### Activity:
As soon as the line containing "thumbnail image 4" appears in the material below, start returning lines exactly, and end with the line containing "Arrived 5 Seat".

BEGIN Data section

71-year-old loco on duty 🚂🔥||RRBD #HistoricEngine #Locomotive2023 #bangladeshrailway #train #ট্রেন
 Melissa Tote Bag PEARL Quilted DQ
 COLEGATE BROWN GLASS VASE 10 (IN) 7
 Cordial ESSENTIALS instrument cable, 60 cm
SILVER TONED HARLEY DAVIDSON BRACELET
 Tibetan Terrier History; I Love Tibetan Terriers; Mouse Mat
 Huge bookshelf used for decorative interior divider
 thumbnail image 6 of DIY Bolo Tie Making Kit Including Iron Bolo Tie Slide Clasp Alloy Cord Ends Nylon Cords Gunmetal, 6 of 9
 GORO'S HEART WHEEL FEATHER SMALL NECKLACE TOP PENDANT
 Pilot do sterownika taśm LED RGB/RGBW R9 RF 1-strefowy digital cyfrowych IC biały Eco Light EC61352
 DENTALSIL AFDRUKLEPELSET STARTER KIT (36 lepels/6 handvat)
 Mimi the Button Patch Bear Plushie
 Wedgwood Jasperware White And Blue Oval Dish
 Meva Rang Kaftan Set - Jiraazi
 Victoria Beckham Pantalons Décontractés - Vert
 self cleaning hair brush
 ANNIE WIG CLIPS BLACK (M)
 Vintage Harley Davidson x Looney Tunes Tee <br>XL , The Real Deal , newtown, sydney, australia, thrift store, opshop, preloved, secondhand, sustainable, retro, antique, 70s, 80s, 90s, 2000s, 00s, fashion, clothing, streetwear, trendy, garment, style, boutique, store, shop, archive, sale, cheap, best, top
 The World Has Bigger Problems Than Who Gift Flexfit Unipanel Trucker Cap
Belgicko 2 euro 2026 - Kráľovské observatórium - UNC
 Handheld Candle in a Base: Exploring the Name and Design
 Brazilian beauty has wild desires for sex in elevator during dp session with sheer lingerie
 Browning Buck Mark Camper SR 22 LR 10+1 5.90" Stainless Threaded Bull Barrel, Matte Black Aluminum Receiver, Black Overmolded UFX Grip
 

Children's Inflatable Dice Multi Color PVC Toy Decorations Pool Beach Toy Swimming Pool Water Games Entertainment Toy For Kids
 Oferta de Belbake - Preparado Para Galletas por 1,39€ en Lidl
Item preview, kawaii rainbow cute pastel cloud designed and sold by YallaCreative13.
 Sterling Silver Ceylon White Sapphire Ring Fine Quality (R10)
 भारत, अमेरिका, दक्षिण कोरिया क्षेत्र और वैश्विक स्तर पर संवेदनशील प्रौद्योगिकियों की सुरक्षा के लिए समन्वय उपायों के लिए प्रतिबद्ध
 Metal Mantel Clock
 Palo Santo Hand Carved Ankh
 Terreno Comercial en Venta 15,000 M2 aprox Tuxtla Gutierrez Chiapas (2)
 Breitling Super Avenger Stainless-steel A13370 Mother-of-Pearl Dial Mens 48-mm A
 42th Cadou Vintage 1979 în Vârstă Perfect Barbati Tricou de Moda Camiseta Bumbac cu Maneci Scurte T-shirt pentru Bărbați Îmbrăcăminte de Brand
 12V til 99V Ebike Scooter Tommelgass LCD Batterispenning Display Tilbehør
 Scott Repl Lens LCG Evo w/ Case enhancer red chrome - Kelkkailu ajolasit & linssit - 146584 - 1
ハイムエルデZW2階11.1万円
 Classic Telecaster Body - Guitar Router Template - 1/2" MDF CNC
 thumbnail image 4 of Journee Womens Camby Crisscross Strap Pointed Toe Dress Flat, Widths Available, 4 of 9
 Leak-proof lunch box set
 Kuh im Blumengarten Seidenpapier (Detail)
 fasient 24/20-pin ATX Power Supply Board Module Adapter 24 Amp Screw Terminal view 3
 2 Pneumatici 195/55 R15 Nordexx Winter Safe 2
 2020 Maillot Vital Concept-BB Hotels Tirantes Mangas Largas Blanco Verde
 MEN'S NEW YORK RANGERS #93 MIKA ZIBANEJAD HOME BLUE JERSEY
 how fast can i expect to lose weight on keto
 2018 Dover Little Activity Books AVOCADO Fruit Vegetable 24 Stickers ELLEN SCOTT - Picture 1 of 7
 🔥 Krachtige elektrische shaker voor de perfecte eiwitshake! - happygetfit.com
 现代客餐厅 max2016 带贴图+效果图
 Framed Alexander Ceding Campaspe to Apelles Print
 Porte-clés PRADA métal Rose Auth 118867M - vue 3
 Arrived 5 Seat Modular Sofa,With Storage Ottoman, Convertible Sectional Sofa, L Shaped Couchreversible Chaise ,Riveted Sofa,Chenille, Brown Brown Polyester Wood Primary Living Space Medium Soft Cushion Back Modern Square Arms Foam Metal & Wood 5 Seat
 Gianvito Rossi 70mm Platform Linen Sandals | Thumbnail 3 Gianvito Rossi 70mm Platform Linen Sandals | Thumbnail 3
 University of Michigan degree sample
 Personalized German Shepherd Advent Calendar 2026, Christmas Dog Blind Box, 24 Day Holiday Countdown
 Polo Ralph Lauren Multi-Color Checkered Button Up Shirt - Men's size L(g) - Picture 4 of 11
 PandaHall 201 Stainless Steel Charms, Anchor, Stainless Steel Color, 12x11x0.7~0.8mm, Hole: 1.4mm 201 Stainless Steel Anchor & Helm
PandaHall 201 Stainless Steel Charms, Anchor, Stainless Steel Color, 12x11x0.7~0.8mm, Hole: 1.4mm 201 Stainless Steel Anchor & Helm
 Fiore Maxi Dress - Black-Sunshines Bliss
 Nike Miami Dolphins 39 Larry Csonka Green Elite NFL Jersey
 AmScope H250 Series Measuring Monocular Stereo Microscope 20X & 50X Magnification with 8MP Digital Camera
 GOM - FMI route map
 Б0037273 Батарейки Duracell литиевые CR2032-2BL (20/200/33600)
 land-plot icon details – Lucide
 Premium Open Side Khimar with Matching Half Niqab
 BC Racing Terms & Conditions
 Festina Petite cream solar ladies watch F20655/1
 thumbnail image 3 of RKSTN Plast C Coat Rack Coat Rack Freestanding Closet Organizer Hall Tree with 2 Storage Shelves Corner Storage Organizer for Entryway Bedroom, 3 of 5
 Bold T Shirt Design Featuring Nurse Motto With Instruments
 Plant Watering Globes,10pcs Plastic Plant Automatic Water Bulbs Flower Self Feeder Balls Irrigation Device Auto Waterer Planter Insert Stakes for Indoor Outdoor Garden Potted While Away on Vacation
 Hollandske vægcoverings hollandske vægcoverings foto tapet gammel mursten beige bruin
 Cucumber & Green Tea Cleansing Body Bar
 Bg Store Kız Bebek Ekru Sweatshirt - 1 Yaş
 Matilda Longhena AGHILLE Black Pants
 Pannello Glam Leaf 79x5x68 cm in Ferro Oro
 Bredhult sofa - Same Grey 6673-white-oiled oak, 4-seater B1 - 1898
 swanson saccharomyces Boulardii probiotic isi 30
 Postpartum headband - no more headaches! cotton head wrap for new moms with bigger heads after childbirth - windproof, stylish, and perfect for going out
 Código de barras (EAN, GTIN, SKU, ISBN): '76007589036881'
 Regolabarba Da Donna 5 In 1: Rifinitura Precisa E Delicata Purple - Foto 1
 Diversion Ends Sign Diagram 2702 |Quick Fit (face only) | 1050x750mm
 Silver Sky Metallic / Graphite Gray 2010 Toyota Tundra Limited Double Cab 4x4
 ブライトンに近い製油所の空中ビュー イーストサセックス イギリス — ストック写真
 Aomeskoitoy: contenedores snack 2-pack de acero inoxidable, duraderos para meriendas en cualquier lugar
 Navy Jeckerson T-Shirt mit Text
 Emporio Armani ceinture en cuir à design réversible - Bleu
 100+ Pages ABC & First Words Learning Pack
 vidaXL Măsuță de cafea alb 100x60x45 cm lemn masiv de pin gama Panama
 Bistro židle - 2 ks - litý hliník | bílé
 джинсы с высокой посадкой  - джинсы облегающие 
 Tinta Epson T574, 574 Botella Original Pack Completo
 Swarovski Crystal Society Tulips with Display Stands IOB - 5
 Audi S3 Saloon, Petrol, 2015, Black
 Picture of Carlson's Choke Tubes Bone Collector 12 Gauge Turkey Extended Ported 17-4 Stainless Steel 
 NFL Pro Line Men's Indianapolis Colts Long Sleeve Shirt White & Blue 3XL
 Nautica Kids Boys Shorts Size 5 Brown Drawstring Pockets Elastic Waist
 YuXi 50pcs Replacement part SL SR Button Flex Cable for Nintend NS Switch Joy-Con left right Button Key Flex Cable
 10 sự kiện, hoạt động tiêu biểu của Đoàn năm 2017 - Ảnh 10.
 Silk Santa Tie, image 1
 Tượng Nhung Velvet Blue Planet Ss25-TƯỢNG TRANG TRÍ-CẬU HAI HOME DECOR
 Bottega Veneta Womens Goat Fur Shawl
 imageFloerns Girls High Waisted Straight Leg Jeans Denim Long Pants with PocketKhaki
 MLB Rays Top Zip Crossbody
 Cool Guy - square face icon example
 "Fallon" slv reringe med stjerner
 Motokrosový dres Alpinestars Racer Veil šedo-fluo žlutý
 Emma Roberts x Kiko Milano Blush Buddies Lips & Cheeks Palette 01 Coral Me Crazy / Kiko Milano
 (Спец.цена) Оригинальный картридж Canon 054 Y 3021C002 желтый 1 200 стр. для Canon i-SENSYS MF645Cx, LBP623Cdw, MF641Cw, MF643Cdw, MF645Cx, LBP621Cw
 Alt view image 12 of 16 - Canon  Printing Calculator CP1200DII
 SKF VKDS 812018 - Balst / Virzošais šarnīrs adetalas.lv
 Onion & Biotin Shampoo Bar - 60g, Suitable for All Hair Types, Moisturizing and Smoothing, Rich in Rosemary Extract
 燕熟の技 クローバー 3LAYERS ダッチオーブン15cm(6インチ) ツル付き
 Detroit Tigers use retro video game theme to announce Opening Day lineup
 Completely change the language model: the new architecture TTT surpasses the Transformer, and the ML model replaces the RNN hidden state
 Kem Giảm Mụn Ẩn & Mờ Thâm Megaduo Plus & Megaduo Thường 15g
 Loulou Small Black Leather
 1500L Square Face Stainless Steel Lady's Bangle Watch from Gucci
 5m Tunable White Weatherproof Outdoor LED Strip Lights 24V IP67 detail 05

END Data section

### Task result:
 thumbnail image 4 of Journee Womens Camby Crisscross Strap Pointed Toe Dress Flat, Widths Available, 4 of 9
 Leak-proof lunch box set
 Kuh im Blumengarten Seidenpapier (Detail)
 fasient 24/20-pin ATX Power Supply Board Module Adapter 24 Amp Screw Terminal view 3
 2 Pneumatici 195/55 R15 Nordexx Winter Safe 2
 2020 Maillot Vital Concept-BB Hotels Tirantes Mangas Largas Blanco Verde
 MEN'S NEW YORK RANGERS #93 MIKA ZIBANEJAD HOME BLUE JERSEY
 how fast can i expect to lose weight on keto
 2018 Dover Little Activity Books AVOCADO Fruit Vegetable 24 Stickers ELLEN SCOTT - Picture 1 of 7
 🔥 Krachtige elektrische shaker voor de perfecte eiwitshake! - happygetfit.com
 现代客餐厅 max2016 带贴图+效果图
 Framed Alexander Ceding Campaspe to Apelles Print
 Porte-clés PRADA métal Rose Auth 118867M - vue 3
 Arrived 5 Seat Modular Sofa,With Storage Ottoman, Convertible Sectional Sofa, L Shaped Couchreversible Chaise ,Riveted Sofa,Chenille, Brown Brown Polyester Wood Primary Living Space Medium Soft Cushion Back Modern Square Arms Foam Metal & Wood 5 Seat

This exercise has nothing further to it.